Paid attendance was 587.
Thomson broke a 6-6 tie with two out in the eighth inning by slamming one over the wall for two runs. Salem manager Hugh Luby protested it went foul.
Weaver hit a four-run homer in the third inning for Edmonton after Salem had gone ahead 6-0.
After going the route in all of his previous 22 victories, John Conant required help from Ray McNulty to win the game after the Senators had scored once. Conant lasted eight and two-thirds innings in hid duel with Joe Nicholas, another 22-game winner, before McNulty came in to fan Jerry Ballard for the final out. Conant is now 23-12.
Salem ............. 015 000 001—7 14 0
Edmonton ....... 004 200 02x—8 6 1
Borst, Nicholas (4) and Nelson; Conant, McNulty (9) and Morgan.

CALGARY — Tri-City Braves swept their Western International Baseball League doubleheader with Calgary Stampeders Wednesday, winning 5-2 and 8-6.
First Game
Tri-City ......... 023 000 0—5 6 2
Calgary ......... 000 200 0—2 5 3
Robertson and Pesut; Levinson and Bricker.
Second Game
Tri-City ......... 303 020 000—8 11 1
Calgary ......... 301 200 000—6 16 1
Bloom, Dobernic (9) and Warren; Stites and Bricker.

VICTORIA [Colonist, Sept. 3]—Yakima Bears, sparked by the three-hit pitching of Ted Edmunds, ended this season’s hostilities against Victoria by scoring a 9-1 victory over the Tyees at Royal Athletic Park Wednesday night.
Edmunds exhibited little of the wildness that has often curtailed his effectiveness this season as he earned the victory that gave him a record of seven wins and six losses and which gave Yakima its 13th victory in 17 meetings with the Tyees this season. The Yakima right-hander walked three batters, hit one and set 11 down on strikes.
Bill Prior suffered his fourth defeat at the hands of the Bears and his 15th of the season as he toiled eight innings for the Tyees. Although victim of errors that led to four unearned tallies, Prior was hit hard and gave up 13 hits and six runs before going out for a pinch-hitter in the bottom of the eighth inning.
Bob Wellman, hitless in eight previous trips to the plate, smashed his 26th home run in the seventh inning for the first earned run off Prior, giving the winners a 4-0 lead. Three hits and an error accounted for two more runs in the eighth and Zeb Walker yielded four safeties and three runs while pitching the ninth.
Bob Moniz, with two doubles, and Dwane Helbig, with a single, connected for the only hits off Edmunds. Moniz barely missed a home run with a blow off the fence in the third but he scored the lone Victoria run after doubling to open the eighth.

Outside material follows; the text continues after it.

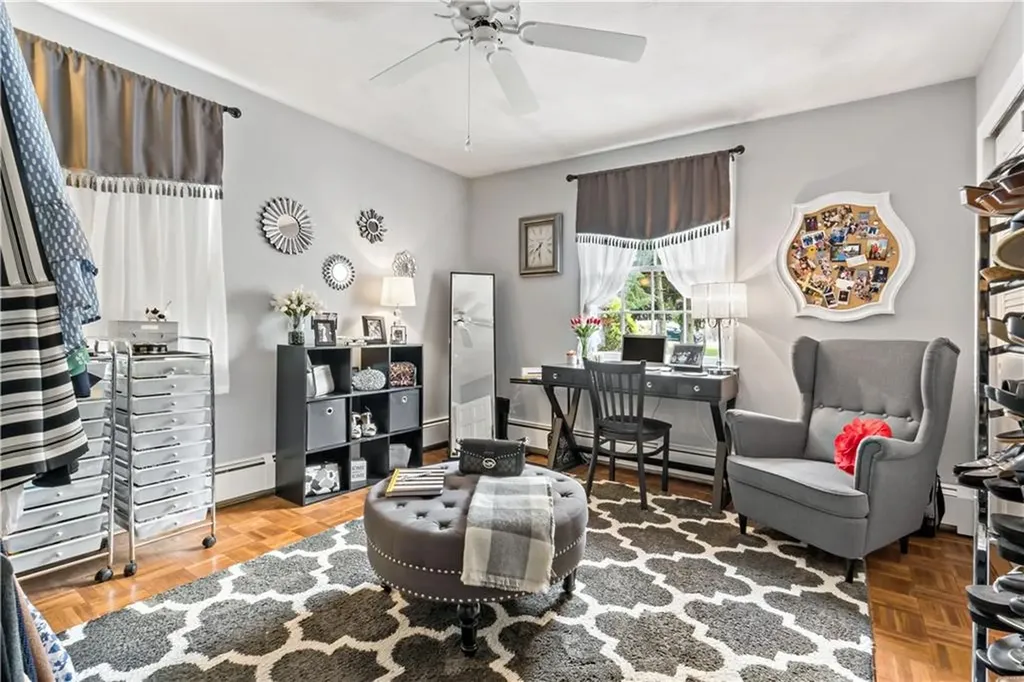 6 Chester Avenue Bristol RI 02809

The Tyees, opening their final home series of the season with a single game against Vancouver Capilanos at Athletic Park tonight, will be seeking to extend their skein of 28 scoreless innings over their Mainland rivals, while club officials will be hoping for at leat 2,000 fans for the first of four “payroll” games.
In a statement on Tuesday, Tyee president Arthur Cox stated that 2,000 admission must be sold for each of the four games with Vancouver in order that the Victoria cub could meet payroll commitments and to ensure WIL baseball here next season.

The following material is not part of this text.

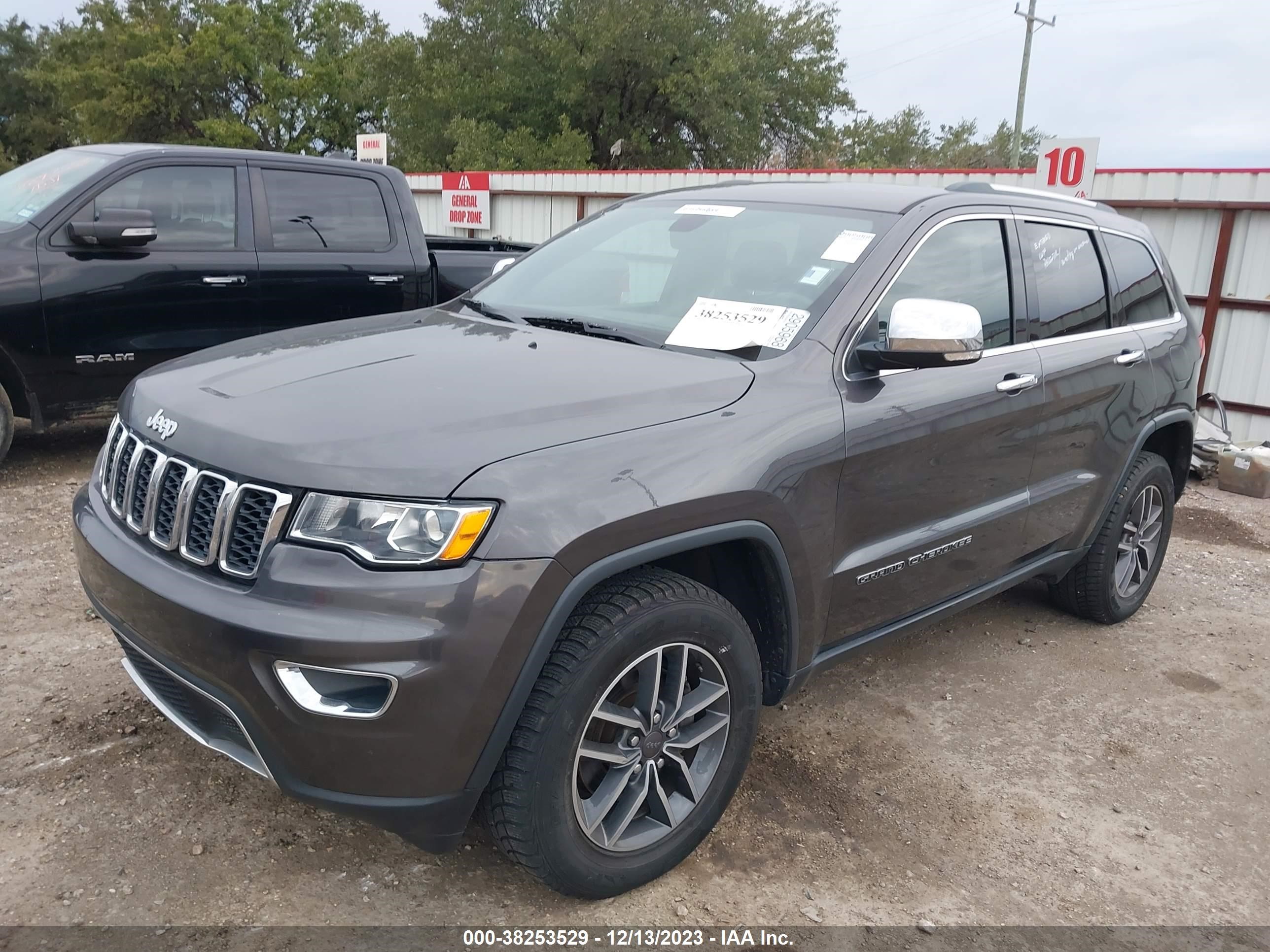 Photo 1 VIN: 1C4RJFBG1KC539679 - JEEP GRAND CHEROKEE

Yakima ............ 012 000 123—9 17 0
Victoria ........... 000 000 010—1 3 4
Edmunds and Albini; Prior, Walker (9) and Harford.

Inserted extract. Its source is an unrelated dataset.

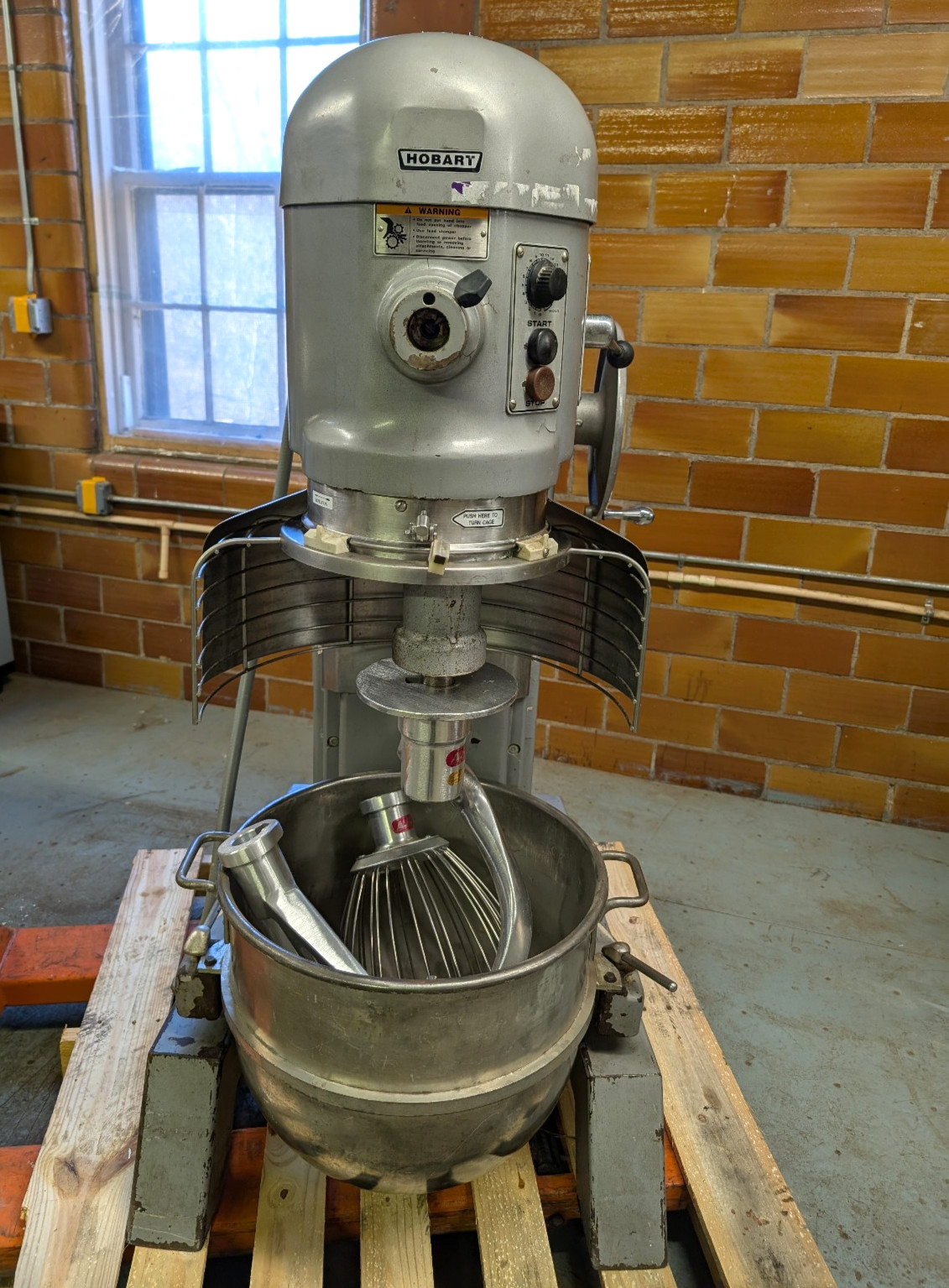 Hobart H600 60 Quart Commercial Planetary Mixer w/ Bowl, Whisk, Paddle & Hook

Brown Calls League Meeting In An Attempt to Solve Woes
[Vancouver Province, Sept. 3, 1953]
With cries for financial help rising all around him, WIL president Bob Brown Wednesday called an early meeting to discuss the league’s mounting worries and woes.
Club officials will gather Sept. 26 in Yakima to decide whether the WIL in 1953 [sic] will be a 10-team loop, as at present, an eight (which seems more likely), or something else entirely.
At least one club official, President Paul Thomas of Wenatchee, has suggested an entirely new set up. He was quoted yesterday as favoring a plan that would have Wenatchee, Yakima, Tri-City and Lewiston withdraw from the Class A WIL and form a Class C league, possibly with Walla Walla and Tacoma.
Vancouver, Victoria, Spokane, Edmonton and Calgary, he suggested, could continue in Class A, picking up perhaps Great Falls or Billings, Montana.
Bob Brown doesn’t give this plan much chance of success. Tri-City and Lewiston have no great financial troubles, he says, and Salem already has money ready for next year’s operation.
Yakima, Spokane, Victoria and Vancouver have always been good franchises, and Edmonton has drawn well in its first year. And well-backed interests in Tacoma want to play Class A ball, not Class C, he says.
Calgary is the league’s one franchise that’s really shaky. Brown is convinced the teams will refuse to play in Calgary’s bandbox ball park, and he can’t see the Stampeders back in the circuit unless they spend some money.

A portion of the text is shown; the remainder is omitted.